With the talk of volcanics being absent i did not consider weathering basalt, but did consider feldspars, but this is where from my limited understanding of chemistry i did not think the silica could be absorbed by the water readily because of temperature and this is why i kept asking about silica dissolving in cooler water. Not because i was saying you were wrong, but because it did go against what i thought i had learnt.
It seemed very drilled in to us at UNI, that around volcanoes and magma chambers any groundwater and water expelled from the magma usually got super heated and was more easily able to dissolve minerals from the rock it was passing through, most commonly silica creating a supersaturated solution. I think i understand about chalcedony/agate and opal precipitating out in cooler temps than quartz, but because of what we were taught, i guess i just associated the actual dissolving of the silica in most cases to magma/lava and the subduction of oceanic crust under continental crust.
What little i do know about geology is mostly theoretical, i have got to spend a little time in the New England area with the UNI studying and mapping ( this is where i saw fossil plants and wood preserved in carbonate rich mud and sandstone), but that is the limit of my field experience. To try and further my understanding i have been trying to learn and understand the local geology a little better and this is where my interest in the petrified wood and how it formed started. One of the reasons i had assumed volcanics had had something to do with the process was because some of the jasper found there seems to have been formed from altered conglomerate and sandstone hundreds of meters below where the flow sits today and the jasper seemed to have an association with at least some of the wood found.

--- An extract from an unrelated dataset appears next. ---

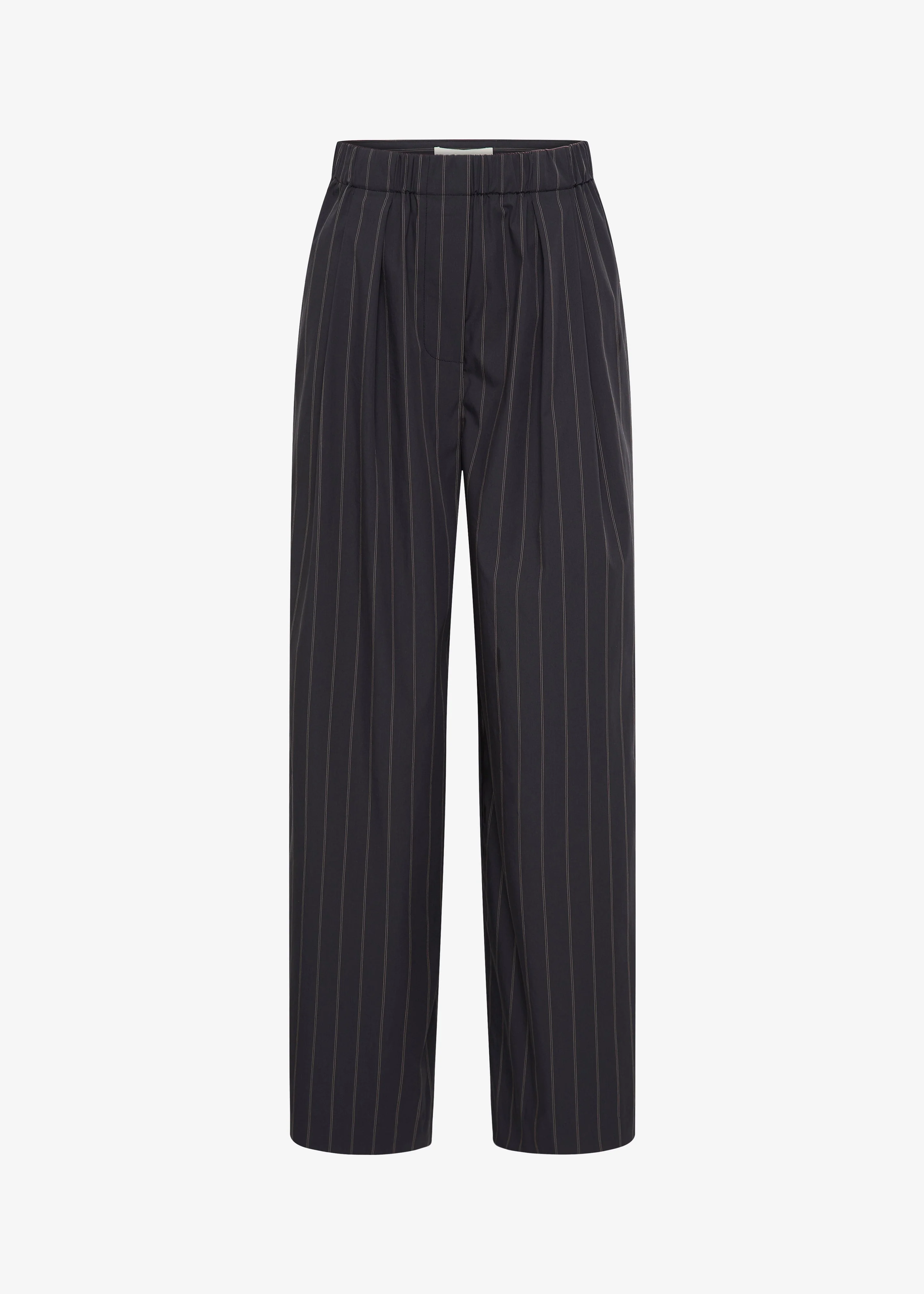 St. Agni Stripe Relaxed Pleat Pants - Ink Stripe - Image 6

Also as fossickeract said, the closer to the origin of the flow the more burnt the wood seems to be, which led me to think that if the wood was close enough to the surface to be burnt by lava or ash, then the surrounding ground water would also have been effected, which may have had something to do with the altered conglomerate and sandstone?
I could be way off the mark (as i have said my understanding is very limited) and would be happy to find out i am wrong so i can hopefully start looking in the right direction.
Age of the wood and different layers is only something i had recently started taking into consideration, so far i have not been able to find much information on the age of the wood and there has been very limited geological studies done on our area so a lot of the information is dated, though what i have found and been shown has been a great help.
Again thank you for your contribution everyone.
Good luck with the studies Shivan. The problem with getting one key issue incorrect is that it can colour everything else (eg that silica can't be dissolved and precipitated at low temperature). Many other things you say are quite correct, such as your comments about magmas - but one thing to keep in mind is that a lot of that hot water hasn't come from the magma, but is simply groundwater (originally rainwater) that gets heated by the hot magma being injected into it - the geysers you see in NZ are essentially of that type. Clues to high temperature origins are usually minerals that can't form at low temperature, like rhodonite (a Mn pyroxene that only forms well above 200 degrees), hydrothermal (not magmatic) K felspars like adularia, native S when near an intrusion, sulphide minerals other than Fe sulphides. If you see them closely associated with what you are looking at there has probably been hot water around. They usually leave lots of evidence - this photo I took in the throat of the White Island volcano shows that - the haze in the air is native sulphur, which is why we are wearing gas masks (poisonous).